From: eprints-tech-bounces@ecs.soton.ac.uk [mailto:eprints-tech-bounces@ecs.soton.ac.uk] On Behalf Of David R Newman via Eprints-tech
Sent: 27 January 2021 12:12
To: eprints-tech@ecs.soton.ac.uk; martin.braendle@uzh.ch; systems <systems@mdc-berlin.de>
Subject: Re: [EP-tech] Antwort: Re: [ext] Re: [3.4.2] Wrong status of indexer on the admin site

 

Hi Martin,

Although getting EPrints to work nicely in a distributed environment would be a great thing to have, it feels like a Herculean task, as there are so many aspects of EPrints that would need to be considered.  It would certainly be a very interesting project that I would like to be involved with if time permits.  However, it may be better led by someone like yourself who has had greater experience adapting your EPrints repository into one that works in a somewhat distributed manner.

I am happy to get together for a online chat (e.g. Zoom, Teams, Jitsi, etc.) to discuss how we might take this forward.  It would be good to have other people involved in this initial chat (although experience tells me that many more than six people in a video call starts to get a bit manic).  Feel free to suggest some times and dates you are free for such a discussion and we can figure out how/when to do this.

Regards

David Newman

On 27/01/2021 11:32, Martin Braendle via Eprints-tech wrote:

CAUTION: This e-mail originated outside the University of Southampton.

Hi David,

interesting thread. In our case, we have a three-server setup running on a shared file system.
The indexer runs on a compute node that also carries out all the cronjobs so that the web servers are free for their task to serve to the Web.
Calling cgi/counter on one of the web servers will always tell us that there is no indexer running because there is no matching process id from the indexer.pid file on the compute node.
Also, starting/stopping the indexer would just start another instance on the web server node  (and probably raise a conflict in the indexer.pid file). So we never do that this way, but via console or scripts (e.g. in the case of automated backups of the Xapian index).

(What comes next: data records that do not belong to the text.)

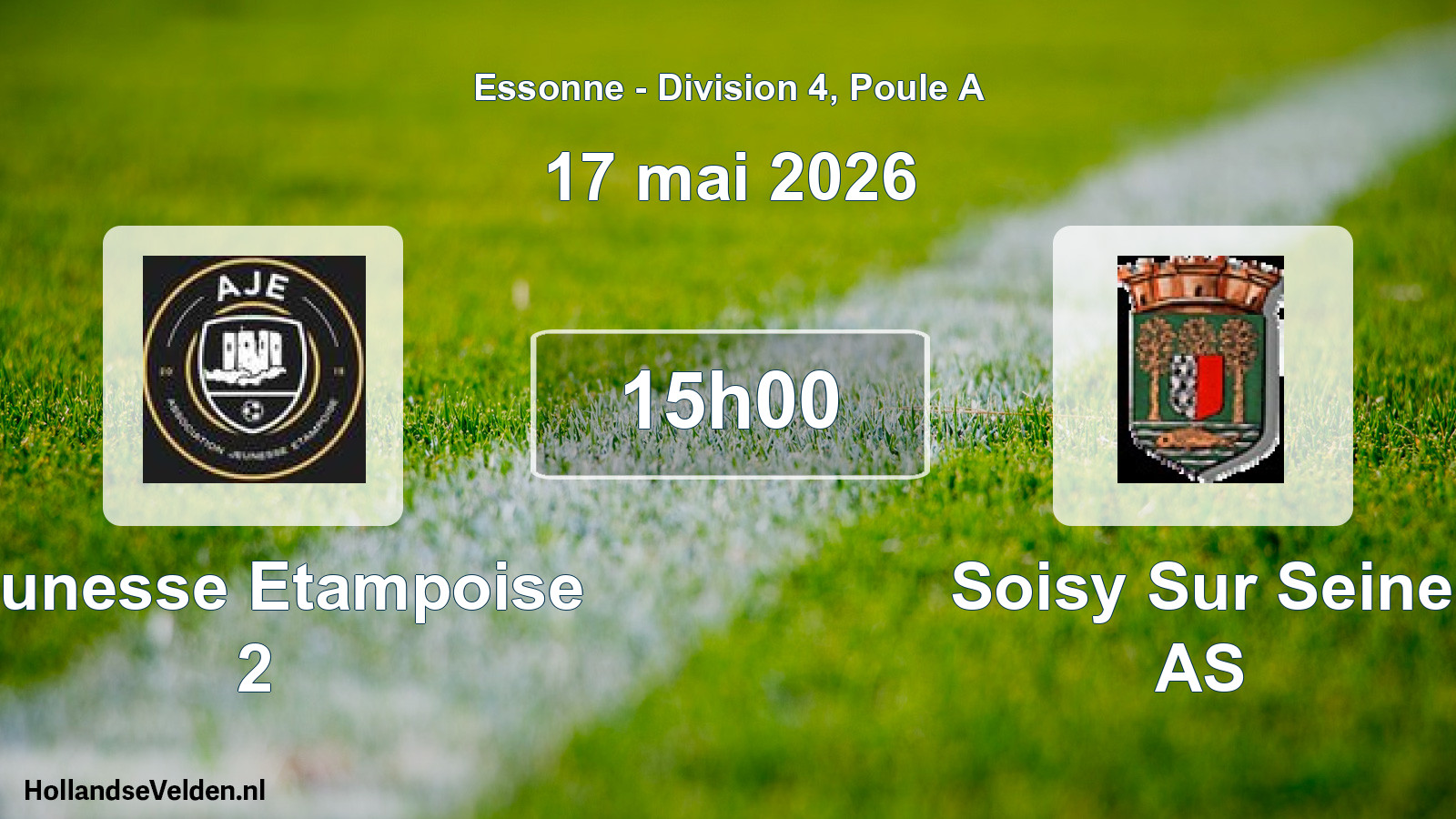 Match programmé: Jeunesse Etampoise 2 - Soisy Sur Seine AS (17 mai 2026)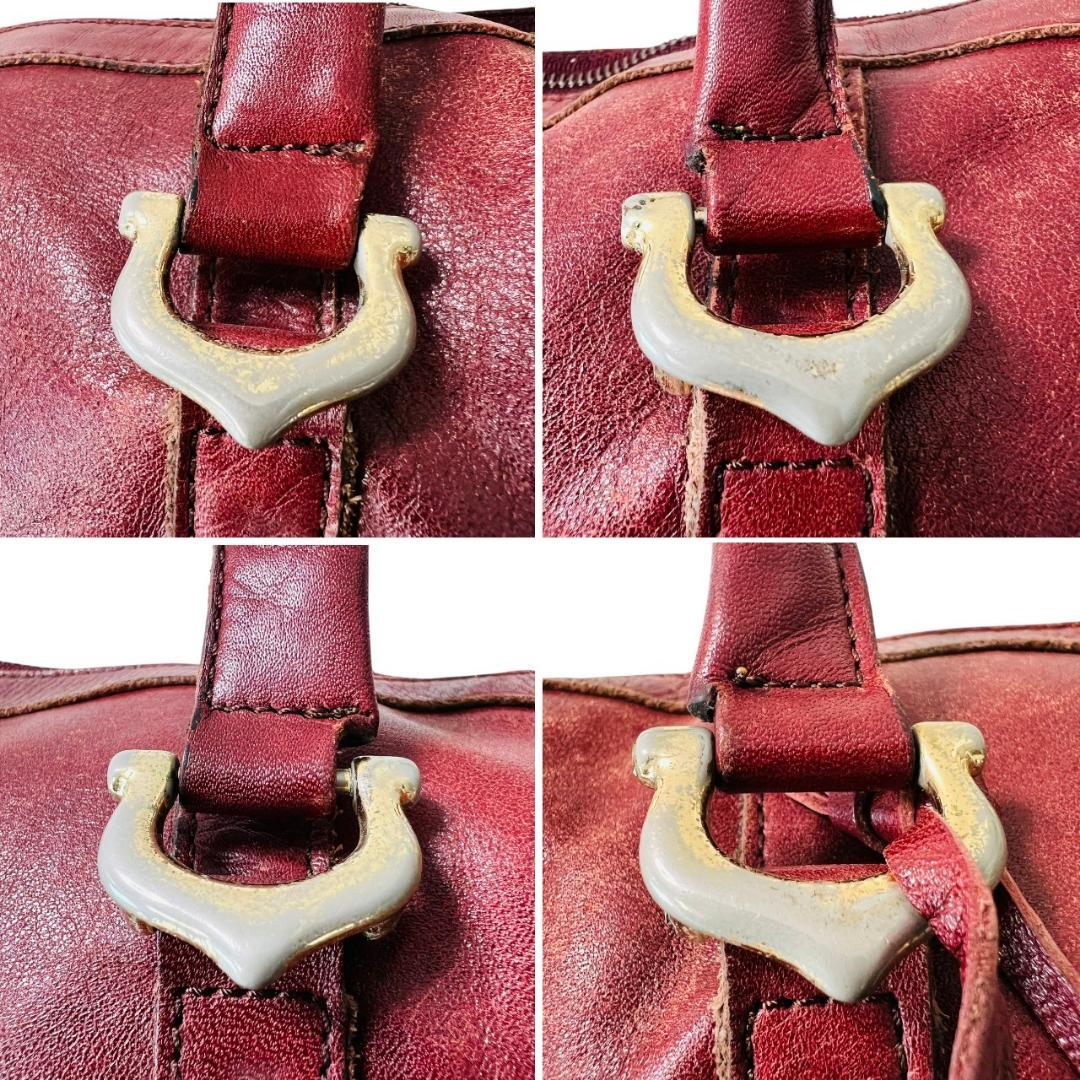 【良品】Cartier ミニボストンバッグ マストライン ボルドー 南京錠 鍵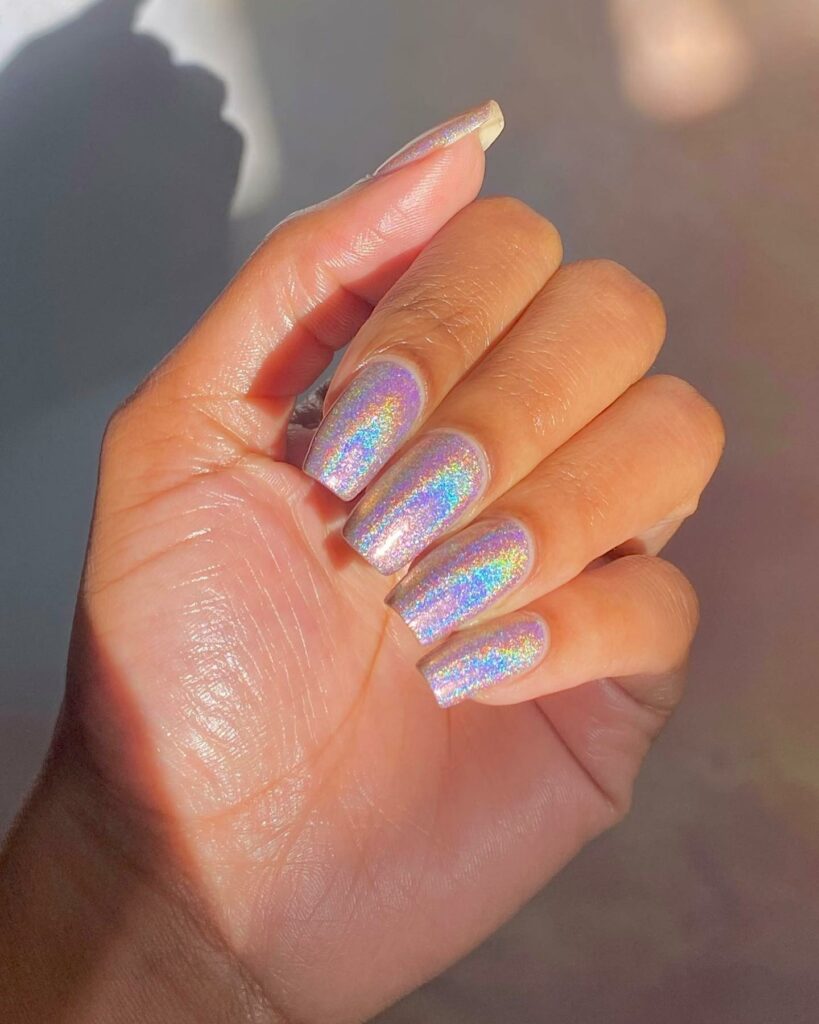 Shimmer with 30 Holographic Nail Designs in 2024 13 Holographic Square-Shaped Nail
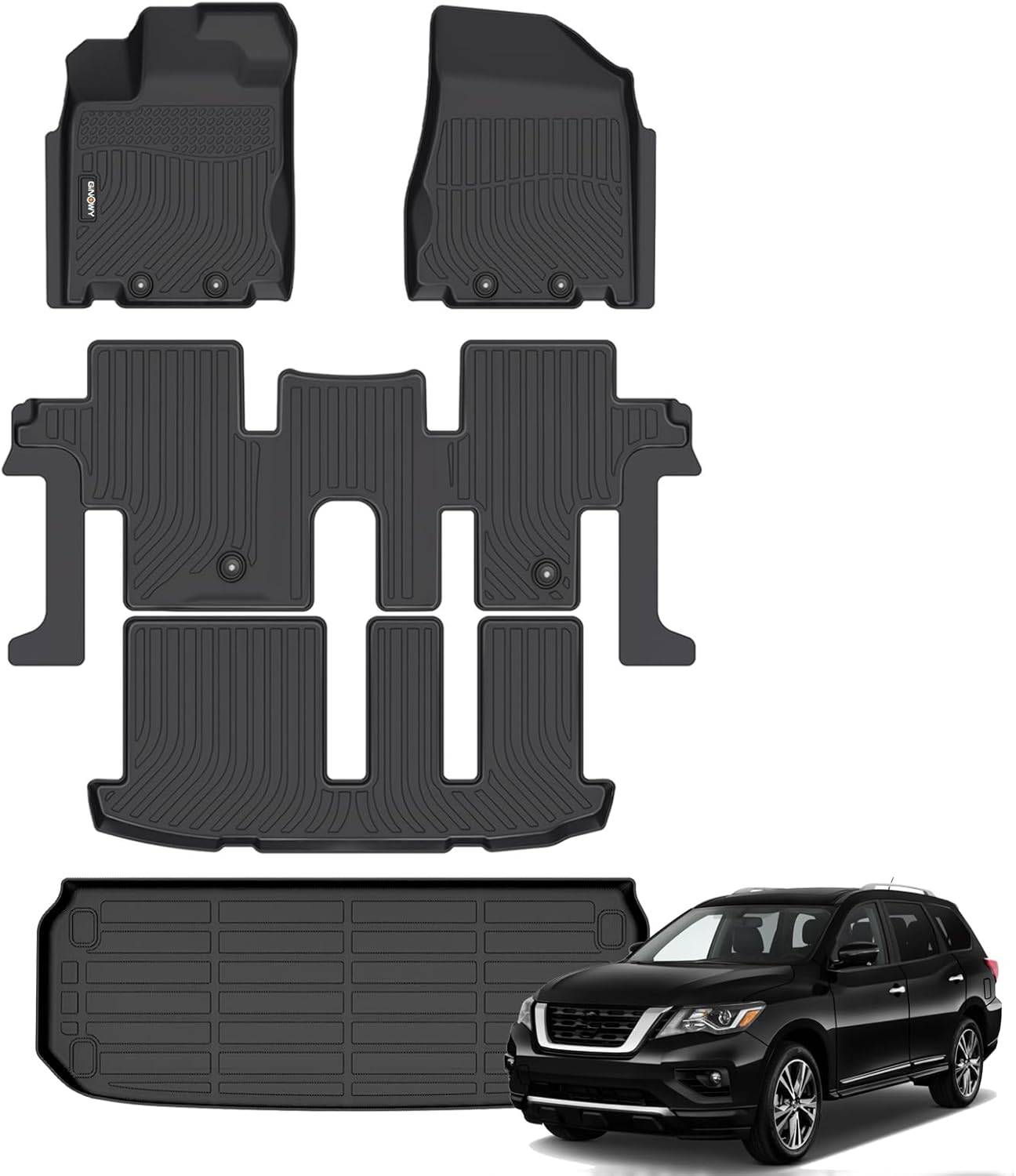 GINOWY-Floor Mats & Cargo Liner for Nissan Pathfinder 2013-2020(7 Passenger), 2014-2020 QX60/ 2013 JX35, Custom Fit TPE All Weather Mats for Pathfinder Car Accessories Black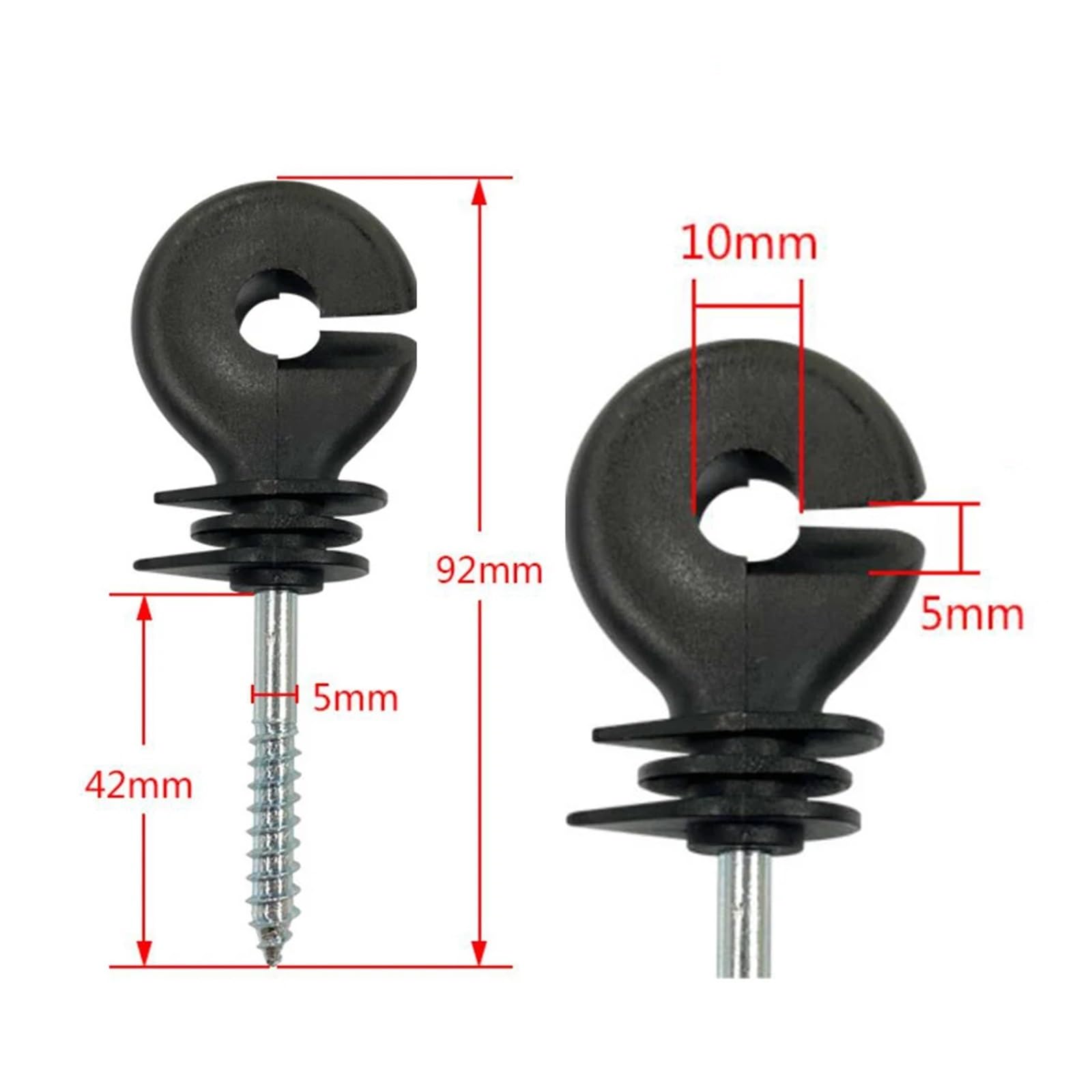20 Pezzi isolatore for Recinzione elettrica isolatore avvitato Anello for Recinzione isolatori for Pali in Legno for la Recinzione degli Animali da Fattoria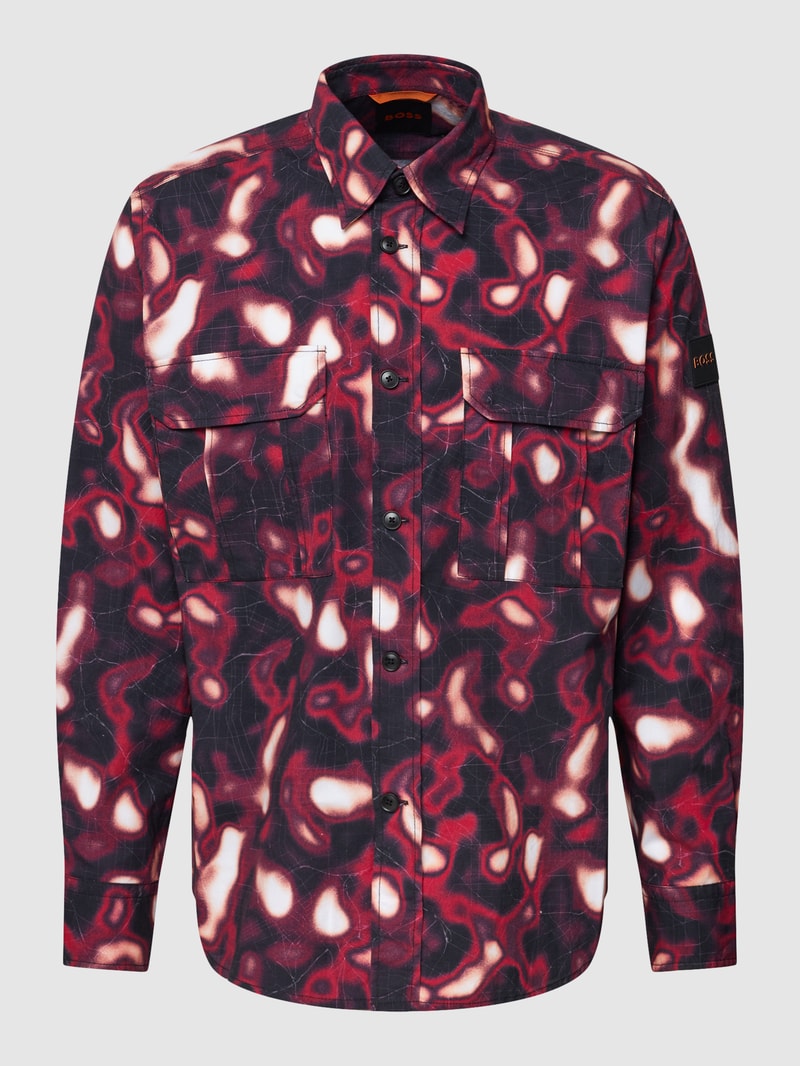 Regular Fit Freizeithemd mit Allover-Muster Modell 'Lisel' in pink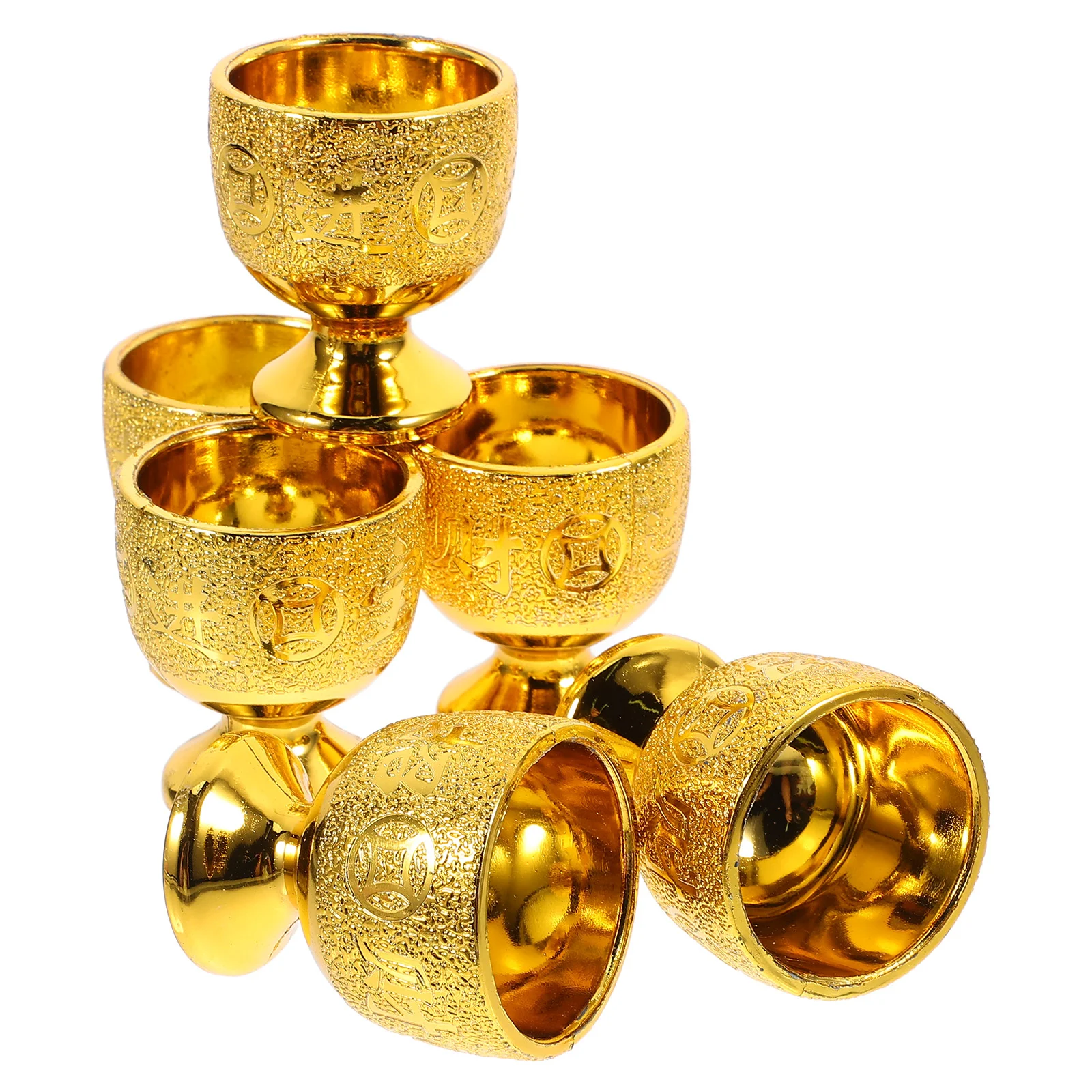 6 Pcs Golden Round Cups for Buddha Altar 30ml High Footed Spirits Cups Anti Aging Non Fading Decorative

Which brings us to the topic that EPrints never really has been made for a distributed environment - any plans that this will change in the future?

Kind regards,

Martin

--
Dr. Martin Brändle
Zentrale Informatik
Universität Zürich
Stampfenbachstr. 73
CH-8006 Zürich


Inactive hide details for "systems via
            Eprints-tech" ---27/01/2021 12:02:49---CAUTION: This
            e-mail originated outside the Unive"systems via Eprints-tech" ---27/01/2021 12:02:49---CAUTION: This e-mail originated outside the University of Southampton. Hi David,

Von: "systems via Eprints-tech" <eprints-tech@ecs.soton.ac.uk>
An: <eprints-tech@ecs.soton.ac.uk>
Datum: 27/01/2021 12:02
Betreff: Re: [EP-tech] [ext] Re: [3.4.2] Wrong status of indexer on the admin site
Gesendet von: <eprints-tech-bounces@ecs.soton.ac.uk>





CAUTION: This e-mail originated outside the University of Southampton.

Hi David,
I only see the button "start indexer".
The page says that the indexer is stopped, but the indexer process is alive.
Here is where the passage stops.